A magnitude 7.6 earthquake shook Japan's northeast region, prompting tsunami warnings and orders for residents to evacuate.
The Bank of Japan has been under pressure to hike interest rates to combat inflation and attempt to stoke economic growth, and was expected to proceed with an increase in borrowing costs at its policy meeting next week.
"This is coming from a government that already seems to be looking for ways to try to promote economic growth, the earthquake, in my view, would be somewhat inflationary, which is the issue that they've been trying to control," said Jim Barnes, director of fixed income at Bryn Mawr Trust in Berwyn, Pennsylvania.
"Knowing that an earthquake occurs, that's just going to fan that same concern."
FED EXPECTED TO CUT INTEREST RATES
The yield on the benchmark U.S. 10-year Treasury note US10YT=TWEB rose 4.9 basis points to 4.188% after reaching 4.19%, its highest level since September 26 and was on track for a third straight session of gains.
The yield on the 30-year bond US30YT=TWEB rose 3.8 basis points to 4.833%, its highest level since September 5.
Market participants were also awaiting a U.S. central bank policy decision on Wednesday.
Expectations that the Fed will cut its policy rate by 25 basis points stand at 87.4%, according to CME Group's FedWatch Tool. Markets were pricing in less than a 30% chance of a cut until comments from Fed officials in recent weeks spurred a reversal in expectations.
"We anticipate that the rate cut will take place, but there seems to be disagreement within the Fed regarding both the current economic outlook and the appropriate pace of future easing. The market could be reacting to thinking that there's the potential for too much easing, which would reaccelerate inflation," said JoAnne Bianco, partner and senior investment strategist at BondBloxx Investment Management in Chicago.
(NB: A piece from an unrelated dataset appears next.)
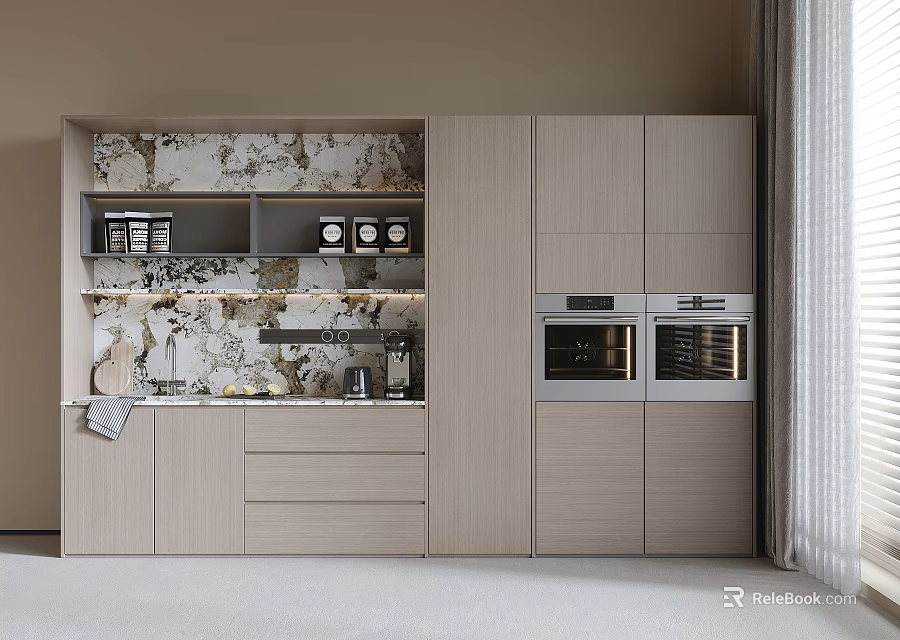 Modern Kitchen Cabinets With Marble Backsplash Built In Ovens And Storage Shelves 3d model 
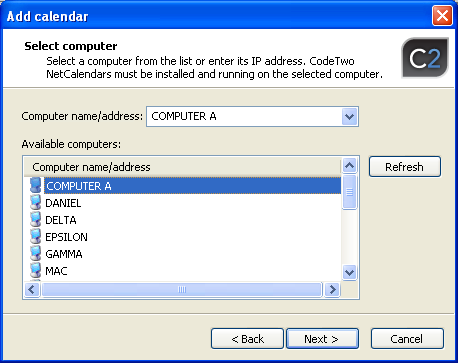Selection of a remote machine hosting the calendar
A closely watched part of the U.S. Treasury yield curve measuring the gap between yields on two- and 10-year Treasury notes US2US10=TWEB, seen as an indicator of economic expectations, was at a positive 58.0 basis points.
More supply will come to the market this week as Treasury auctions $58 billion in three-year notes US3YT=RR on Monday, $39 billion in 10-year notes on Tuesday and $22 billion in 30-year bonds on Thursday.
The two-year US2YT=TWEB U.S. Treasury yield, which typically moves in step with Fed interest rate expectations, rose 4.2 basis points to 3.606% after climbing to 3.61%, its highest level since November 20.
The breakeven rate on five-year U.S. Treasury Inflation-Protected Securities (TIPS) US5YTIP=TWEB was last at 2.352% after closing at 2.342% on Friday.
The 10-year TIPS breakeven rate US10YTIP=TWEB was last at 2.278%, indicating the market sees inflation averaging about 2.3% a year for the next decade.